Bangladesh will soon place the draft law of the proposed Export-Processing Zones (EPZ) Labour Act, 2016, to the Parliament after a review in August to bring the necessary amendment as per the requirement of the ILO.
Bangladesh submitted this commitment to the Conference Committee on the Application of Standards at the annual conference of the International Labour Organisation (ILO), now in progress in Geneva.
International communities, especially, the EU and the US, have been putting pressure on Bangladesh's government over the last few years to bring the necessary amendment to the EPZ laws for allowing full freedom of association.
The EU has already sent letters to the government twice, threatening the suspension of the Generalised Scheme of Preferences (GSP), that the country has been enjoying under the EU's 'Everything but Arms' scheme, if the EPZ law is not amended as per the special paragraph of the International Labour Conference of 2016.
In a document submitted to the ILO on Tuesday, Bangladesh said that the newly created Tripartite Technical Committee (TTC) for amendment of the Bangladesh Labour Act had already held its first meeting, demonstrating that work was being done to conform to the standards of the ILO.
Both the Tripartite Consultative Council (TCC) and the newly created RMG Tripartite Consultative Committee (RMG TCC) would be supported by the ILO, serving as their secretariat, Bangladesh informed the ILO at the Geneva meeting.
A transparent remediation strategy with a timeline is to be developed and shared with the Committee by the end of August 2017. Access to further funding should be facilitated and recruitment of 169 labour inspectors should be finalised by June 2018, Bangladesh said.
Bangladesh also reaffirmed the government's commitment to a better and safer workplace for workers and to uphold their rights to collective bargaining, freedom of association and their right to strike for realising their legal demands.
Legislative amendments are ongoing and the government is also engaging with factory owners, businesses and buying houses to ensure that they follow good business practices and recognise that responsible behaviour by all stakeholders is a necessary factor for progress in the the area of labour rights.
The government further reiterated its achieving full and productive employment and decent work for all by 2030, in line with the 2030 Agenda for Sustainable Development.

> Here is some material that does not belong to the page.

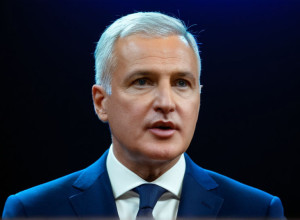 Inteligența Artificială în Educație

The speaker stated that Bangladesh sought continued cooperation, support and understanding from their international friends and partners in order to achieve these goals.

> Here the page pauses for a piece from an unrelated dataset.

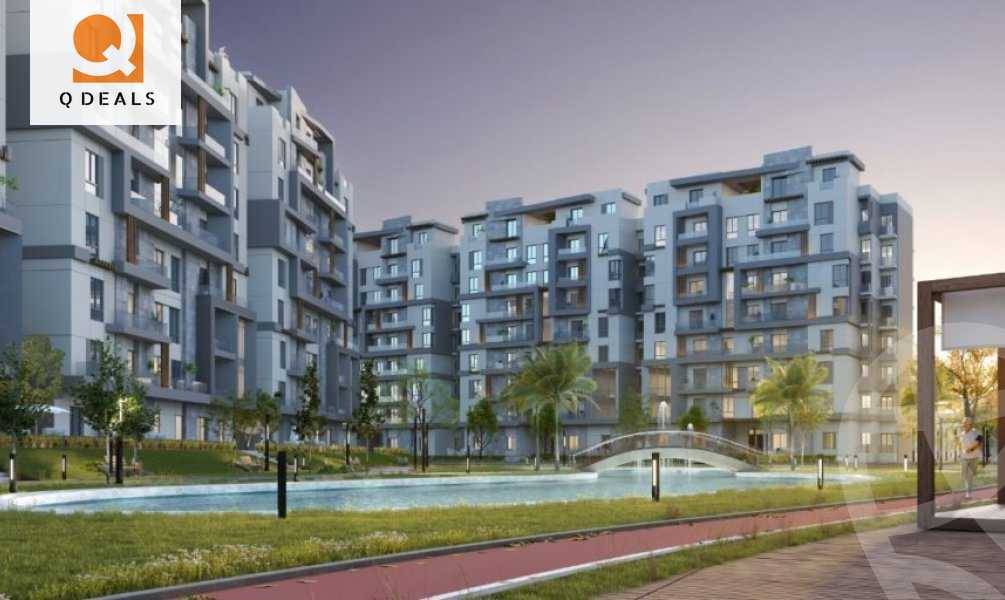https://aqarmap.com.eg/ar/listing/4114754-for-sale-cairo-new-administrative-capital-r7-catalan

In the meeting, the worker members recalled that, for the last five years, Bangladesh had repeatedly appeared before the Committee to explain why it had failed to make any progress in relation to ILO Conventions, in particular Convention No. 87 which deals with freedom of association and protection of labour rights.
Each year, the government had made claims and excuses and concluded with promises to do better the following year.
These promises were left unfulfilled and the situation worsened each passing year, the worker members said.
The government had still made no progress to implement the repeated observations of the Committee of Experts, the recommendations of the 2016 high-level tripartite mission to Bangladesh and the conclusions of the Conference Committee, the worker members further observed.
The special paragraph that the Committee had applied last year to signal the serious concern with the government's failures had had no effect whatsoever, the worker member said.